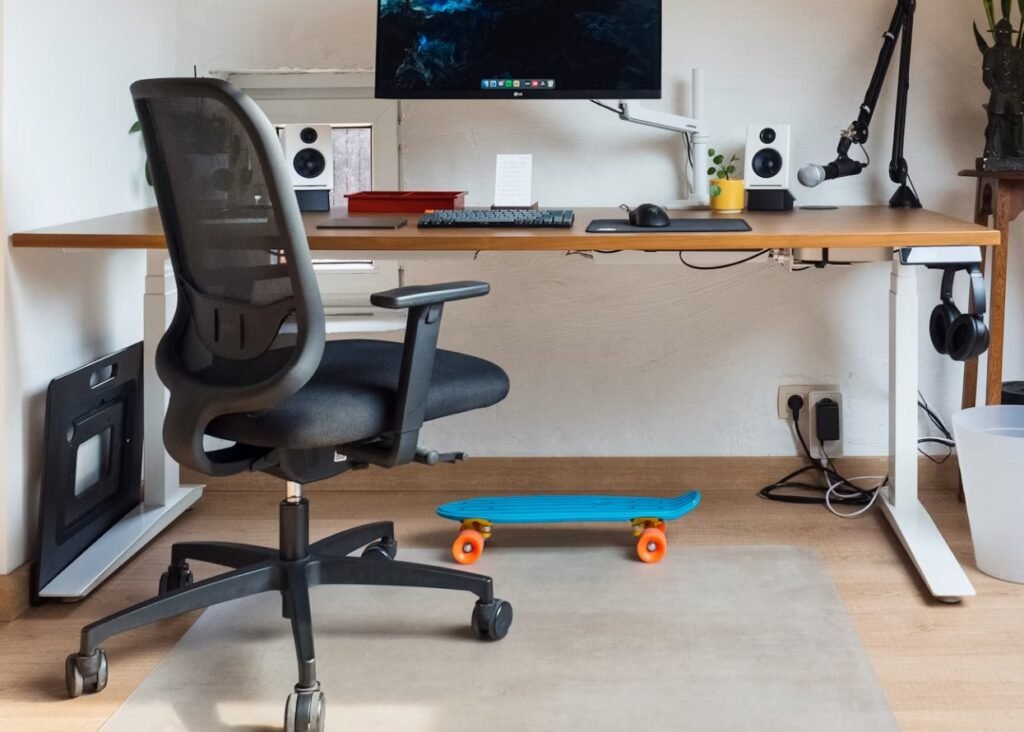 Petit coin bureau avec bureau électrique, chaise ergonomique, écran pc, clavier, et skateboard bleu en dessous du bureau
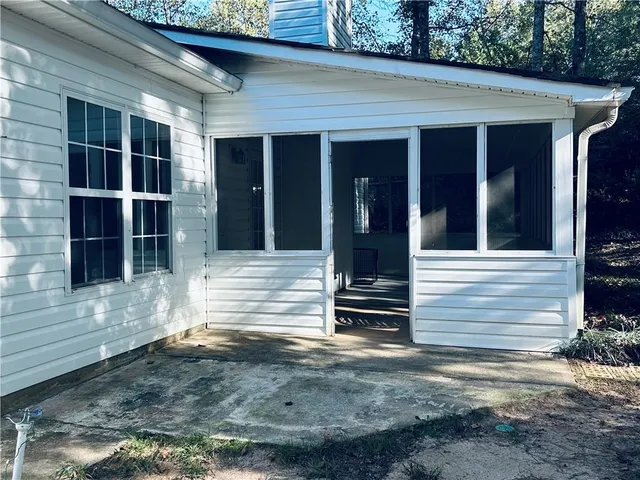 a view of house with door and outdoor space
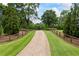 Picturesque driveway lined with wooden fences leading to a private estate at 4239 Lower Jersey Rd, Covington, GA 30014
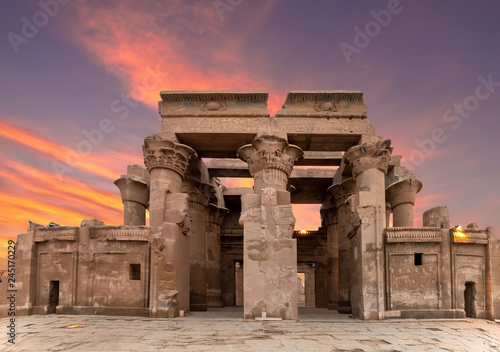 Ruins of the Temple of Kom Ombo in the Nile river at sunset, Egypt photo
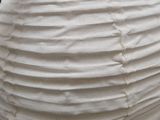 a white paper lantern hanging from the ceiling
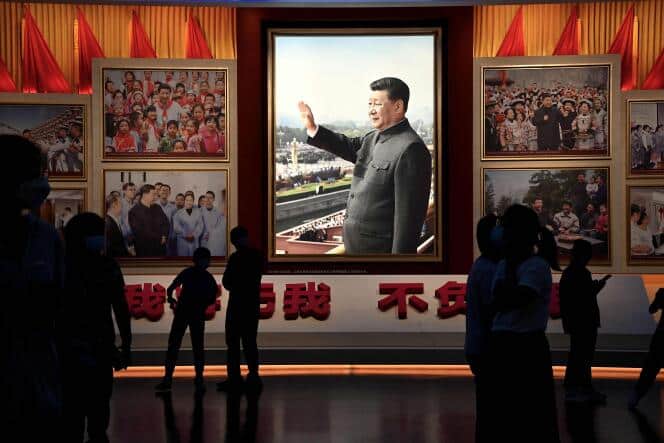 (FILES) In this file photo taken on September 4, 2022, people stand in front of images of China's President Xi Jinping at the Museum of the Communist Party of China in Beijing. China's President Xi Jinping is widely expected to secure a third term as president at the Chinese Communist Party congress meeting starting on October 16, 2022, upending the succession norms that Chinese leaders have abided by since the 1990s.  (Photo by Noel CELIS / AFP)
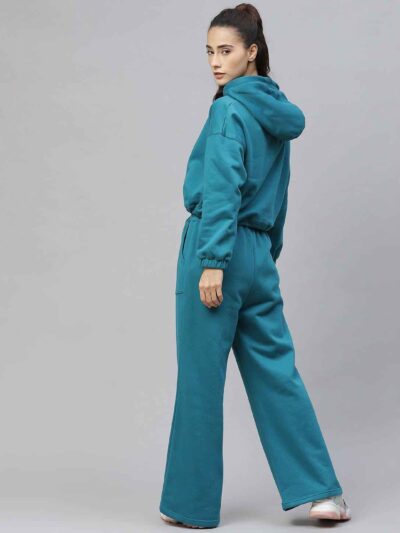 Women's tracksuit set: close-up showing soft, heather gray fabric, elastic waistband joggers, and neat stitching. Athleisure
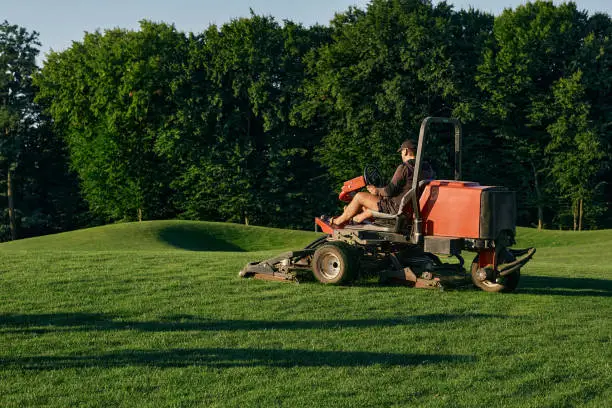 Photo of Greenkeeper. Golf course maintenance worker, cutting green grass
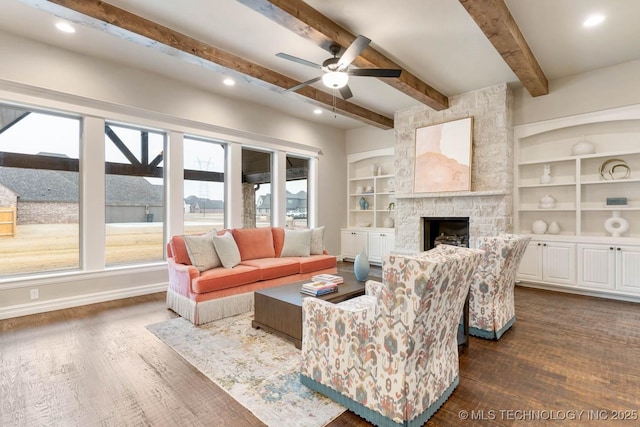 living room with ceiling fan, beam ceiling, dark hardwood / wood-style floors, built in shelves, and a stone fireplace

### ABOUT THIS EXERCISE
If pictures appear in the data, omit them and copy all other parts exactly.

### ANSWER TO THE PROBLEM
 Petit coin bureau avec bureau électrique, chaise ergonomique, écran pc, clavier, et skateboard bleu en dessous du bureau
 a view of house with door and outdoor space
 Picturesque driveway lined with wooden fences leading to a private estate at 4239 Lower Jersey Rd, Covington, GA 30014
 Ruins of the Temple of Kom Ombo in the Nile river at sunset, Egypt photo
 a white paper lantern hanging from the ceiling
 (FILES) In this file photo taken on September 4, 2022, people stand in front of images of China's President Xi Jinping at the Museum of the Communist Party of China in Beijing. China's President Xi Jinping is widely expected to secure a third term as president at the Chinese Communist Party congress meeting starting on October 16, 2022, upending the succession norms that Chinese leaders have abided by since the 1990s.  (Photo by Noel CELIS / AFP)
 Women's tracksuit set: close-up showing soft, heather gray fabric, elastic waistband joggers, and neat stitching. Athleisure
 Photo of Greenkeeper. Golf course maintenance worker, cutting green grass
 living room with ceiling fan, beam ceiling, dark hardwood / wood-style floors, built in shelves, and a stone fireplace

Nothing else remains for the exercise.